Yeni neslin/nesillerin yaşadığı "cehâlet psikozu"ndan sorumlu olan suçlular, toplumların tarihlerinde daima anılagelmişlerdir. Tarihî başarılarıyla ünlü Osmanlı Medreselerinin Osmanlı'nın son dönemlerinde yaşadığı bu tür bozulma, o dönemdeki ve sonraki dönemlerde sosyal yapıyı mahvetmiş ve cehaleti tırmandırmıştır. 

Medreseler ve müderrisler en çok bu sebeple suçlandıkları için henüz toplum tarafından aklanabilmiş/affedilebilmiş değildirler.
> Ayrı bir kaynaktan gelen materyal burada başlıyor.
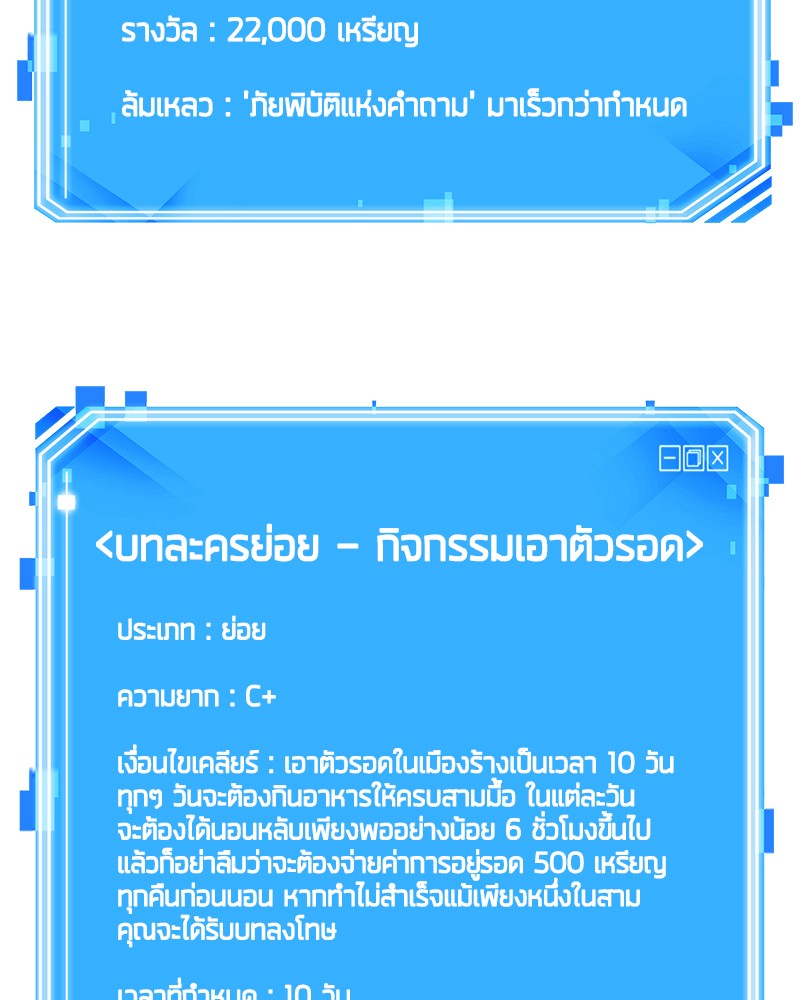 Omniscient Reader อ่านชะตาวันสิ้นโลก-79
Eğitim sistemimizin halk nezdinde yaşadığı güvensizlik artık saklanamayacak düzeydedir. İnsanlar farkında olmadıkları dönemlerde sistemi suçluyorlardı. Ancak son dönemlerde sistemin temel unsuru olan eğiticinin ve eğitim yöneticisinin yetersizliklerini fark etmeye başladılar. Sorumlu suçluları tesbit eden bir halka, başka bir suçlu göstermek de mümkün değildir.
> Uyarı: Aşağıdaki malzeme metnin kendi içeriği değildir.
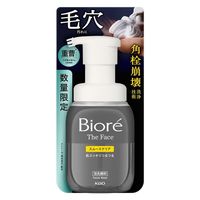 肌美精 CHOI薬用フェイスウォッシュ肌・毛穴ケア 110g クラシエ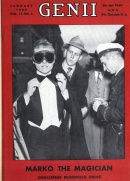 GeniiCoverV13N5.jpg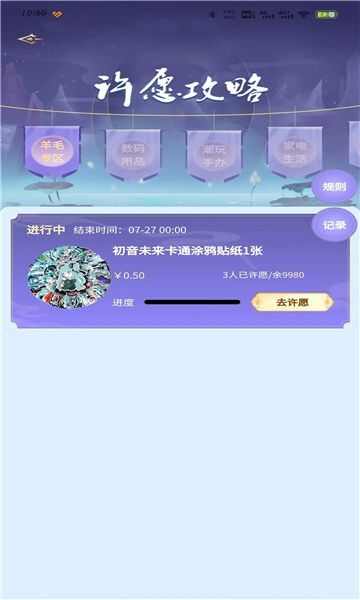 原始仓潮玩商城app安卓版图1:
İnsanlar, başarısızlıkları çocuklarının yetersizliklerine bağladıkları dönemi aştılar. İdeal bir eğitim almalarını istedikleri çocuklarının anlamadıkları nedenlerle ruhsal bozukluklar yaşamalarından sıkıldılar, onların parçalarını psikologlardan, psikiyatristlerden ve psikoterapistlerden toplamaktan bıktılar. İnsanlar, artık çocuklarını suçlamıyorlar. Sorumlu suçluları buldular. Biliyorlar ki; eğitim süreci iyi yönetilemiyor ve eğiten grubun çoğunluğu mesleki açıdan yeterli değil. Çocuklarının cahillik versiyonlarını teşhir etmelerindeki esas nedeni bulduklarını düşünüyorlar.